Stored entries
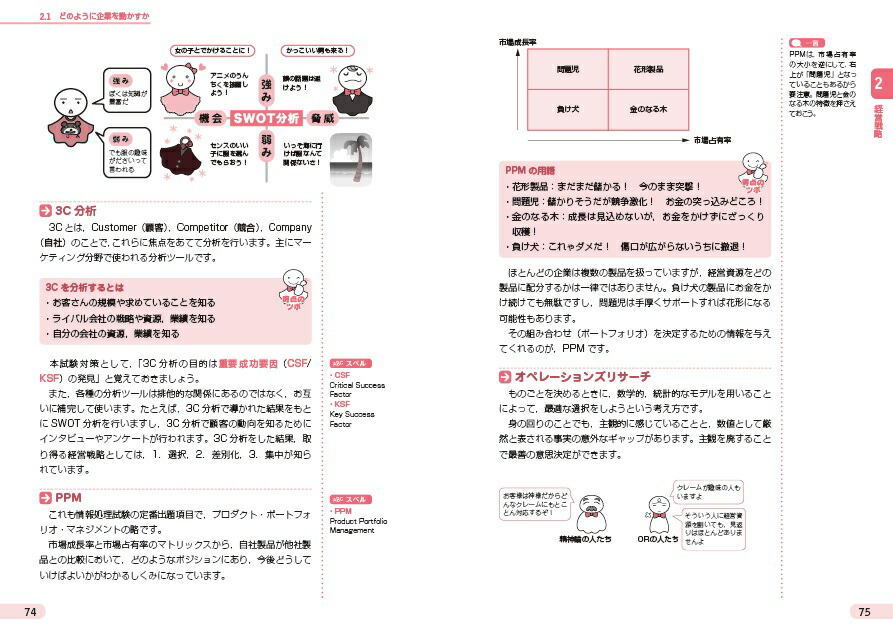 最高かっこいい 難しい 数式 最高の壁紙コレクション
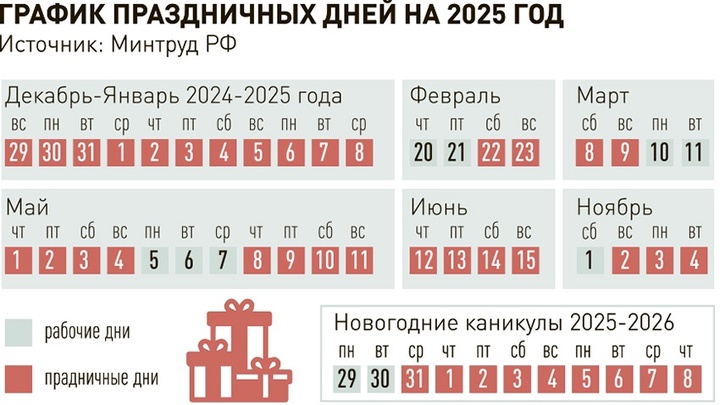 Мишустин утвердил календарь с праздничными и выходными днями на 2025 год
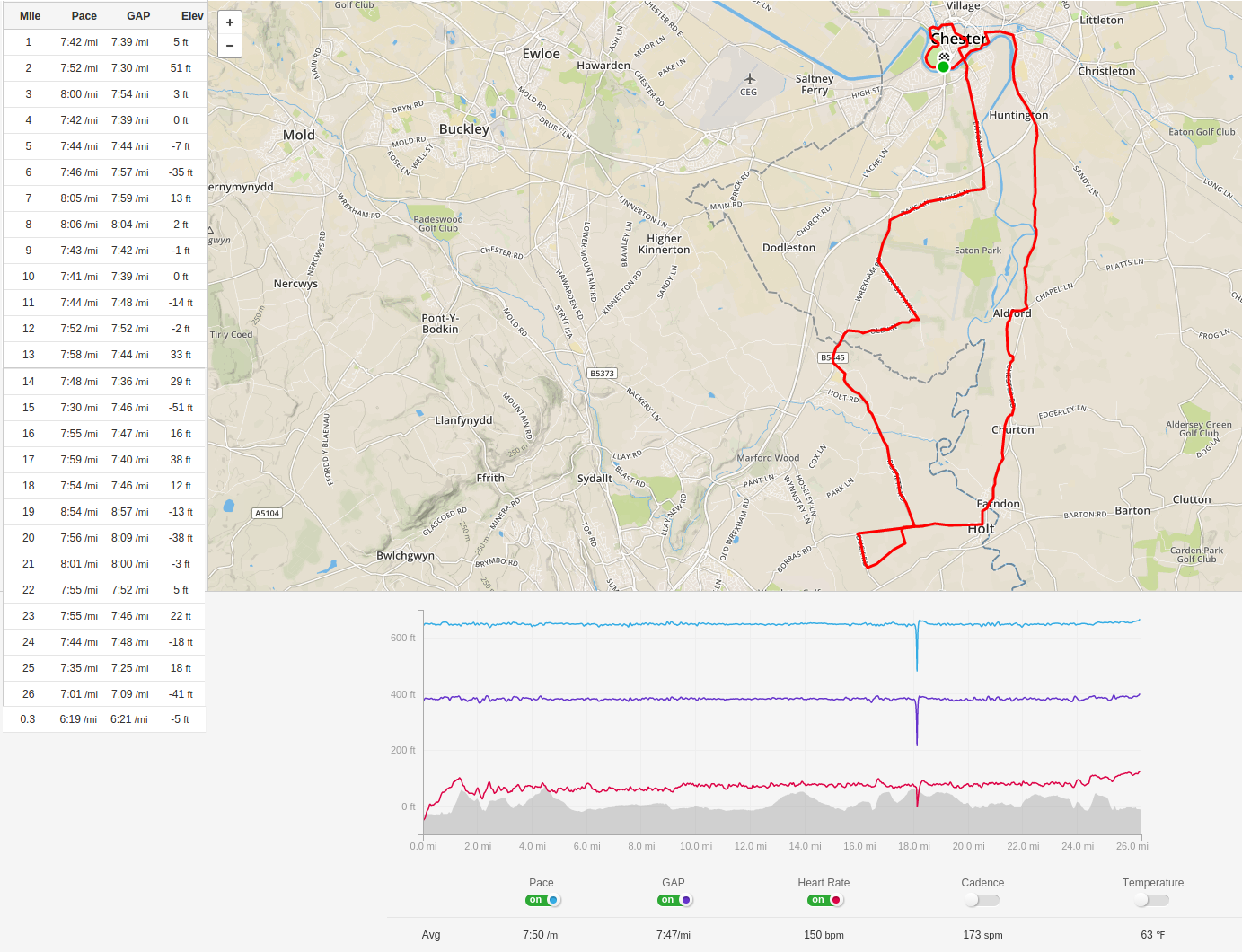 Chester Marathon route and 2015 time splits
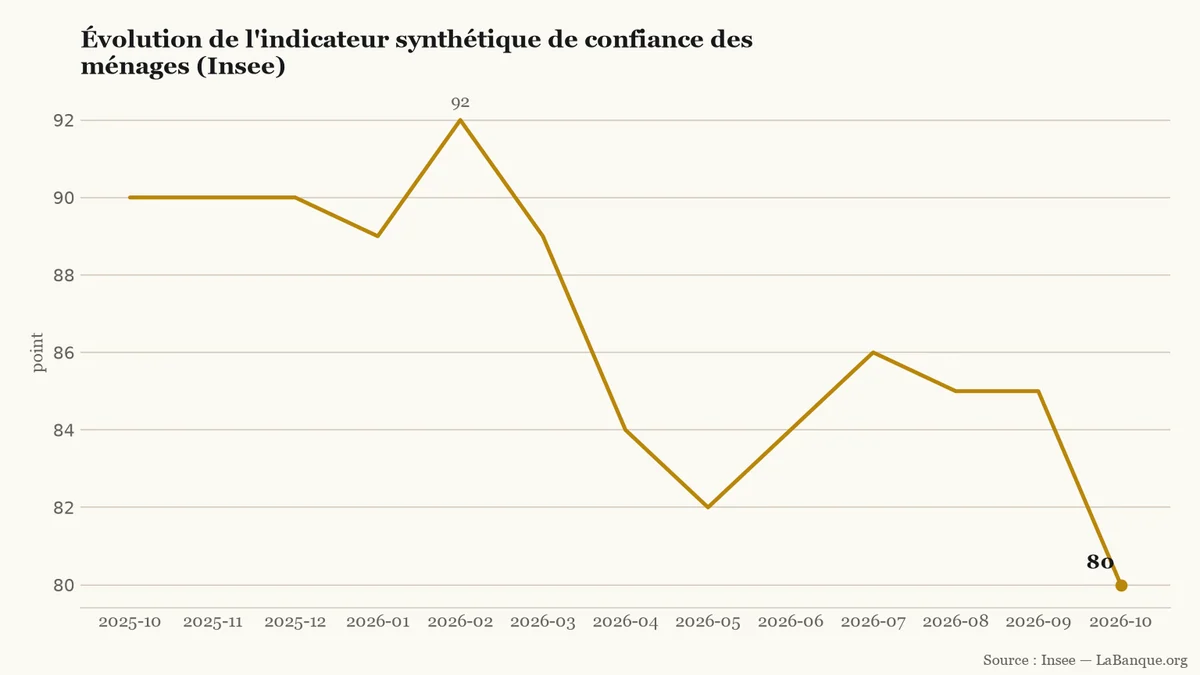 Confiance des ménages français d'octobre 2025 à octobre 2026 : après un pic à 92 points en février 2026, la courbe recule jusqu'à un plancher de 80 points en octobre.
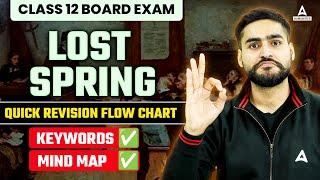 Class12 Board Exam English | Lost Spring - Complete Chapter | Quick Revision, Mind Map , key Points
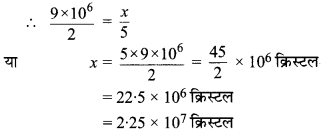 MP Board Class 8th Maths Solutions Chapter 13 सीधा और प्रतिलोम समानुपात Ex 13.1 img-11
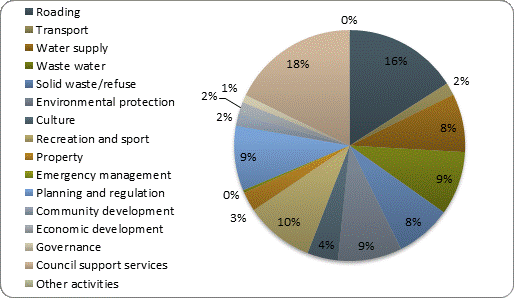 F4b operating expenditure by activity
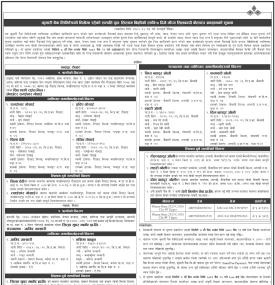 	 कुमारी बैंकको धितोमा रहेको सम्पत्ति पुनःलिलाम बिक्रिको सूचना -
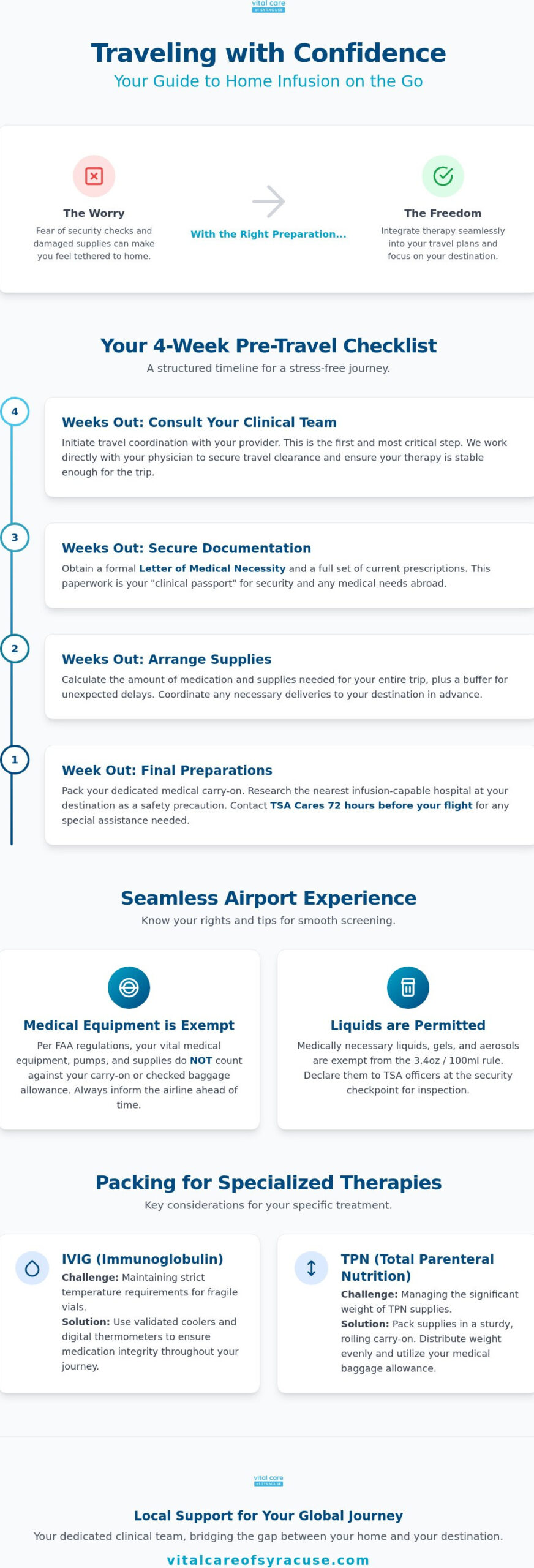 Traveling with Home Infusion Equipment: A Complete 2026 Patient Guide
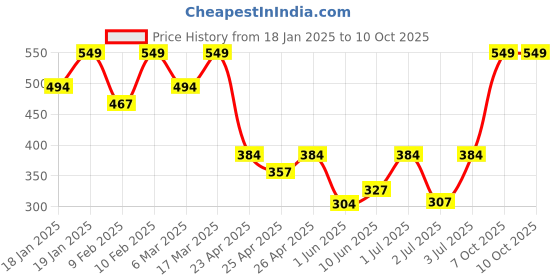 ajio.com sheglam Line & Define Waterproof Liquid Eyeliner - Black sheglam Price History Graph from 18 Jan 2025 to 9 Oct 2025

--- What the task requires ---
Please copy only the lines from the one that contains "MP Board Class" through the last line of the records, exactly, and keep every picture out of the copy.

--- Completed exercise ---
 MP Board Class 8th Maths Solutions Chapter 13 सीधा और प्रतिलोम समानुपात Ex 13.1 img-11
 F4b operating expenditure by activity
 	 कुमारी बैंकको धितोमा रहेको सम्पत्ति पुनःलिलाम बिक्रिको सूचना -
 Traveling with Home Infusion Equipment: A Complete 2026 Patient Guide
 ajio.com sheglam Line & Define Waterproof Liquid Eyeliner - Black sheglam Price History Graph from 18 Jan 2025 to 9 Oct 2025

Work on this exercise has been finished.